The love songs from WEB Du Bois by Honoree Fanonne Jeffers

Nominated for the National Book Award 2020, the poet makes her debut novel with this masterful epic that traces the journey of an American family from centuries of colonial slave trade to the civil war and our own tumultuous era.

The great scholar, WEB Du Bois, once wrote about the problem of race in America and what he called “double consciousness,” which he defined as the sensitivity every African American possesses in order to survive. Ailey Pearl Garfield understood Du Bois’ words all too well since childhood. She bears the names of two formidable black Americans – the revered choreographer Alvin Ailey and her great-grandmother Pearl – and carries Du Bois’ problem on her shoulders.

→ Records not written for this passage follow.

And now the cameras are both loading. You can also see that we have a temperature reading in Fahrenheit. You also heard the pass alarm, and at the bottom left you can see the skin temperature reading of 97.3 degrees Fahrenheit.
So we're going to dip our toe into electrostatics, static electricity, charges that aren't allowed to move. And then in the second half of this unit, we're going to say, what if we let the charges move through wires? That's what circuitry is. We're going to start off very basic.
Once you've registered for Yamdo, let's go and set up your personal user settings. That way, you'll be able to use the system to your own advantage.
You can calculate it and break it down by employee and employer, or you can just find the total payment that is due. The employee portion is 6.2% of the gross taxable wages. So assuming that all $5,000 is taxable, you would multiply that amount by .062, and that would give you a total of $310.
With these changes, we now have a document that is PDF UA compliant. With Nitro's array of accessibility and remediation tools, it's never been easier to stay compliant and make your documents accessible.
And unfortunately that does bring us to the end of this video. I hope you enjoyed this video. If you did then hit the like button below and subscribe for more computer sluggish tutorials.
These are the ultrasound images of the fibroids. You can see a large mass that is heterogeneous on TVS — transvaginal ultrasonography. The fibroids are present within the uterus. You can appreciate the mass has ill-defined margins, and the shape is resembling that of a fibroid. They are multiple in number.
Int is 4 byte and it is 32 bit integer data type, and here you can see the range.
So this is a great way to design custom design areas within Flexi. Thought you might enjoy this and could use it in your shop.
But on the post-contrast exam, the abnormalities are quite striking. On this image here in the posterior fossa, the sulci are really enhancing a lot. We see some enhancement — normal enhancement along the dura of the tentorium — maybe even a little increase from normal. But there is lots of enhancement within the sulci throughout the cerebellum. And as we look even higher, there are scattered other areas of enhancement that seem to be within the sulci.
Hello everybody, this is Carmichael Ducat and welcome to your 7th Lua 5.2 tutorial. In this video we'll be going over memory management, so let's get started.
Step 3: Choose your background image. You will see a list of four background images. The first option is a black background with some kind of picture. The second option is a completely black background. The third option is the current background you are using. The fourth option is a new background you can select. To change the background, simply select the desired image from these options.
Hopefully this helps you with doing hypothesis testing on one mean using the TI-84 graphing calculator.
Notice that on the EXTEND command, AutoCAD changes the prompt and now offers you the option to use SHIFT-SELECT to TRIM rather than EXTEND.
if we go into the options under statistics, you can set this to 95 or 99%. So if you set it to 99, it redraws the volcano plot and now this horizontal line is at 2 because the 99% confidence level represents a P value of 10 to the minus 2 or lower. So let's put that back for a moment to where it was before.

Ailey grew up in the north of the city but spends summers in the small town of Chicasetta, Georgia, where her mother’s family has been in bondage since her ancestors arrived from Africa. From a young age, Ailey struggles for belonging, made even more difficult by pending trauma and the whispers of women – her mother, sister, and a two-century maternal line – who urge Ailey to succeed in her place.

To confront her own identity, Ailey embarks on a journey through her family’s past and uncover the shocking stories of generations of ancestors – indigenous people, blacks and whites – in the deep south. In doing so, Ailey must learn to embrace all of her legacy, a legacy of oppression and resistance, bondage and independence, cruelty and resilience that is the story – and the song – of America itself.

Reasons to read: This is an intimate yet engaging novel with all the luminosity and power of homegoing; Sing, unburied, sing; and The Water Dancer. It’s a historical tale filled with family drama and racial reckoning.